Fragments of the suite concept that originally inspired the album remain in the solo introductions that presage some of the compositions. Thus Maddren ushers in “Hurley Burley” with a well constructed and highly musical drum feature. When he finally settles on a brisk cymbal pulse he points the way for Arguelles’ darting, mercurial soprano saxophone phrases and subsequent solo. Downes often doubles the leader’s melody lines but when finally unleashed the pianist delivers a joyously cascading solo.

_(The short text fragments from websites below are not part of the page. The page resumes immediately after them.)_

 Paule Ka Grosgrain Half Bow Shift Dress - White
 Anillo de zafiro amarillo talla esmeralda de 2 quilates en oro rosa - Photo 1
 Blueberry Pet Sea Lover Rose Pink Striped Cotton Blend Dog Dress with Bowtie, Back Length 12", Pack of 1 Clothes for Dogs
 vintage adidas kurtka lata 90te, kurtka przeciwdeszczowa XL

It’s Arguelles himself who introduces “Hocus Pocus” with a sublime passage of meditative solo saxophone. Downes’ piano arpeggios then usher in a delightful lilting, folk like melody featuring Arguelles’ airy soprano. Lasserson takes the first conventional solo, his playing melodic and highly dexterous. Downes piano solo is flowingly lyrical but also highly inventive and is subtly propelled by Maddren’s brushed drums.
Although born in Birmingham Arguelles has roots in the Iberian peninsula and while the folk music of Portugal informed “Hurley Burley” it’s the sound of Spain that colours the ten and a half minute “Nitty Gritty”, the lengthiest track on the album. A reflective passage of solo piano from the excellent Downes introduces the piece before Arguelles’ tenor brings a brooding Spanish feel to the music, a sense of ‘duende’ if you will. The saxophonist’s playing is imperious on a solo that combines fluency with gravitas and that characteristically rounded tone. Downes’ own solo on piano keeps faith with the mood and Lasserson and Maddren turn in understated but totally sympathetic performances.

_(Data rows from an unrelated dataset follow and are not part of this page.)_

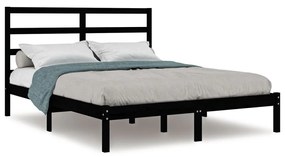 3104937 vidaXL Cadru de pat, negru, 140x200 cm, lemn masiv de pin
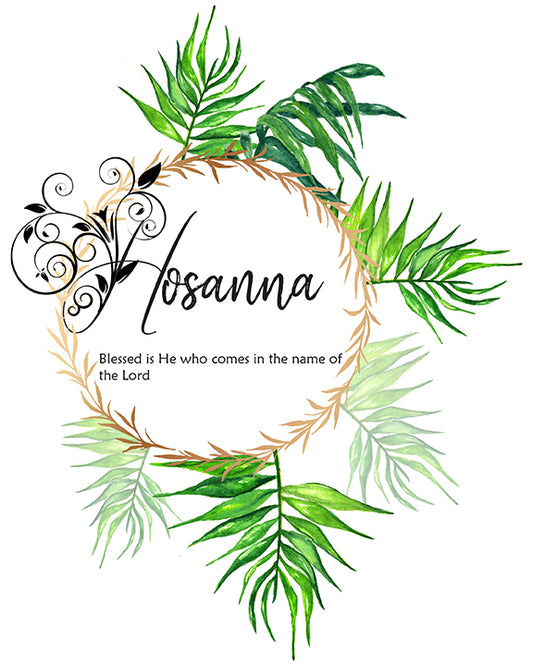 Hosanna Palm Sunday Printable Art, Easter Home Decor - benedictaveils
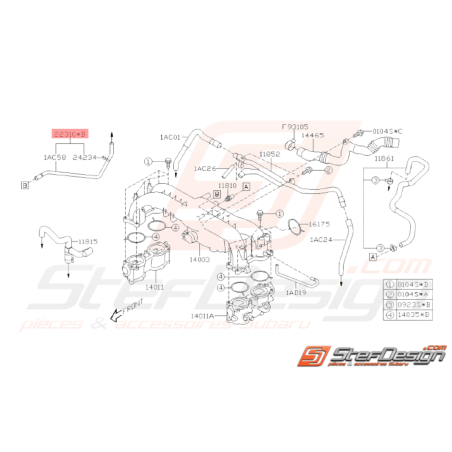 Ensemble Durite Dépression Origine Subaru WRX 2008 - 201033061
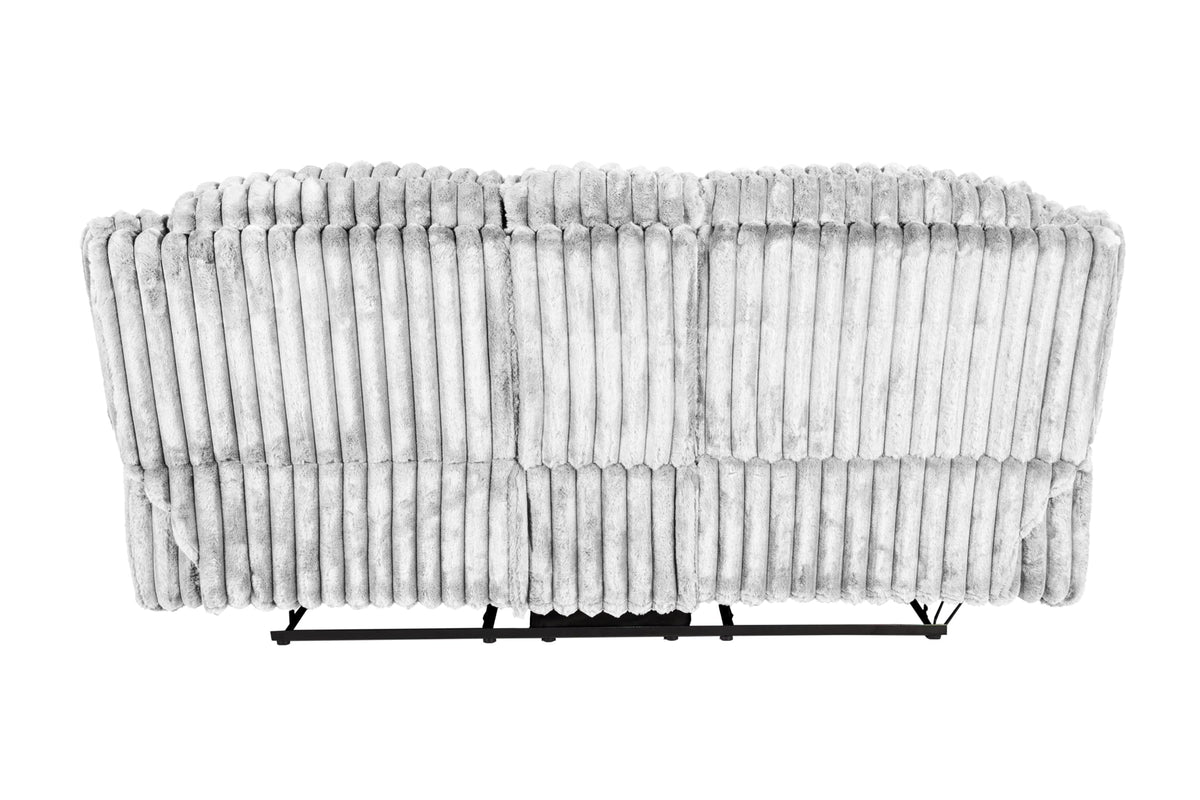 Light Gray Corduroy Manual Motion Loveseat R742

“Asturias”, inspired by the vocal folk music of north west Spain, continues the Iberian theme. Like the earlier “Hurley Burley” the piece is introduced by an extended solo passage from Maddren at the drums. The tune is very much a celebration of Arguelles’ roots with its joyous folk like melodies and the occasional references to jazz and popular standards (did I really catch snatches of “Blue Skies” and maybe even “Moon River” in there?). Lasserson takes the first solo at the bass and is typically tuneful and fluent. He’s followed by Arguelles, soaring magnificently on tenor. A word too for Maddren’s drumming, the quiet bustle of which is inventive and colourful throughout.

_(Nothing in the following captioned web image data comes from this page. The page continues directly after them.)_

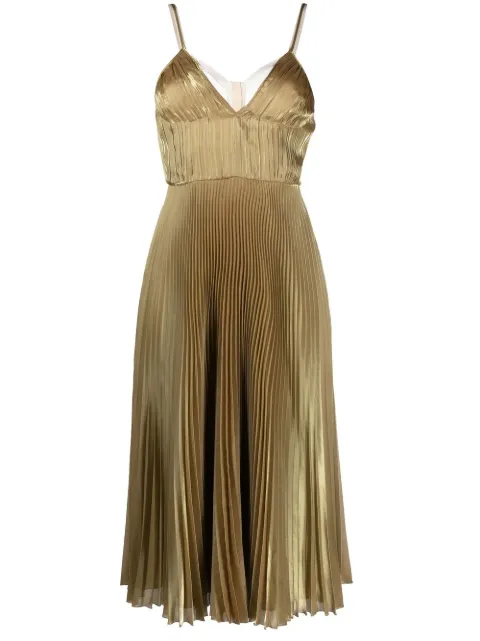 Prada Technical Voile pleated midi dress Gold P3I80S2311D9E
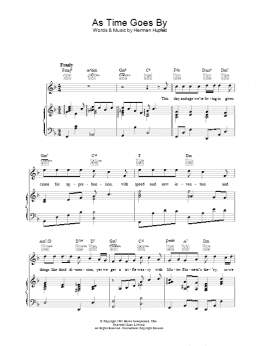 page one of As Time Goes By (Piano, Vocal & Guitar Chords)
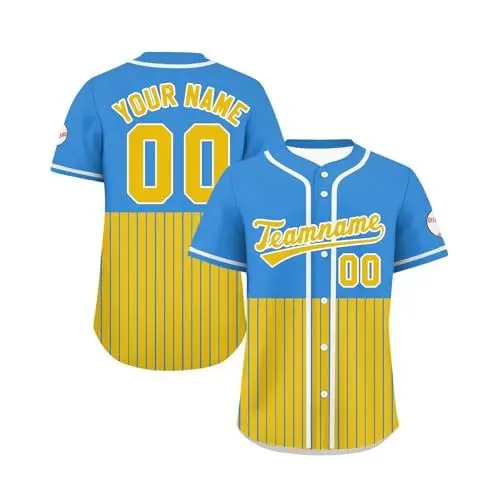 Produktbild: Generisch Personalisiert Atmungsaktiv Sporthemden Baseballtrikot Individuelles Baseball Jersey Schnelltrocknend T-Shirt Baseball Trikot Kurzarm Sportuniform Herren Damen Kinder Angebote Black Friday
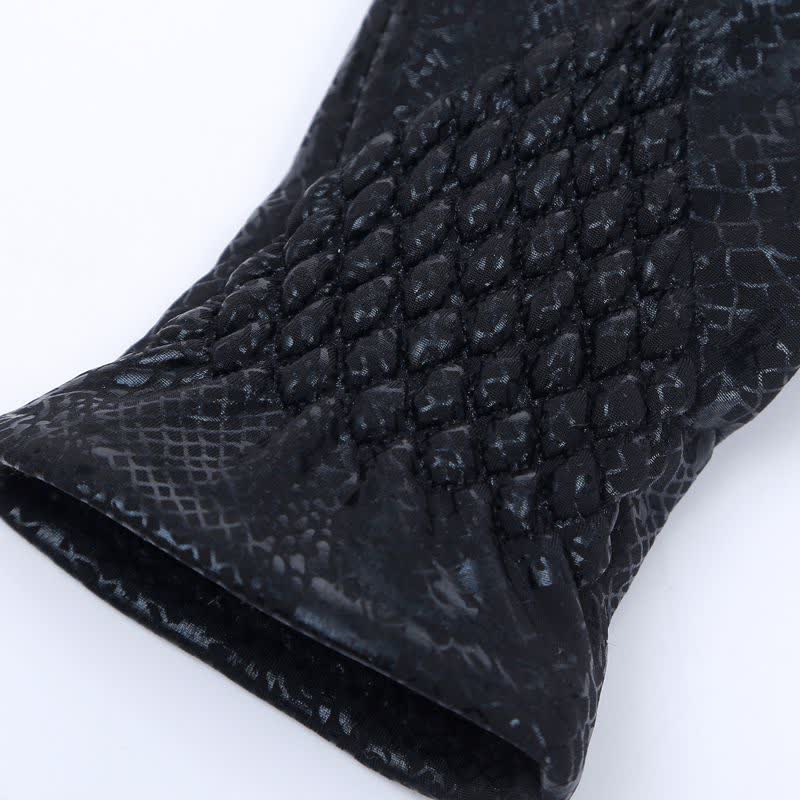 Women's Glossy Python Pattern Soft Velvet Gloves - image 7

It’s over to Downes to introduce the complexities of the tricky “Fugue” which features some stunning unison passages incorporating the entire band. There’s some dazzling interplay between Arguelles on tenor and Downes at the piano on one of the album’s most intense and busy pieces.
At the septet performance in Cheltenham Arguelles informed us that the closing “Iron Pyrite” is loosely based upon the Stone Roses song “Fool’s Gold”, the result of a German radio commission which saw Arguelles creating jazz arrangements of British pop and rock songs. It opens with a bass and drum dialogue between Lasserson and Maddren, the groove that they eventually establish helping to underpin the tune and fuel the uninhibited soloing of Arguelles on tenor plus the spirited exchanges between Downes and Maddren – including the drummer’s own suitably volcanic solo.
“Tetra” is an excellent album that impresses with the quality of both the writing and the playing. It’s easily on a par with “Phaedrus” and “Circularity” and ranks right up there with Arguelles’ best work, performing with this superb young band certainly seems to have given him a new lease of life.
It’s almost impossible to think that an album this good was recorded in a single day and mixed in two, although given the fact that the material had obviously been comprehensively road tested maybe it’s not THAT surprising. Nevertheless hats off to engineers Alex Killpartrick and Steve Arguelles whose efforts support the group supremely well.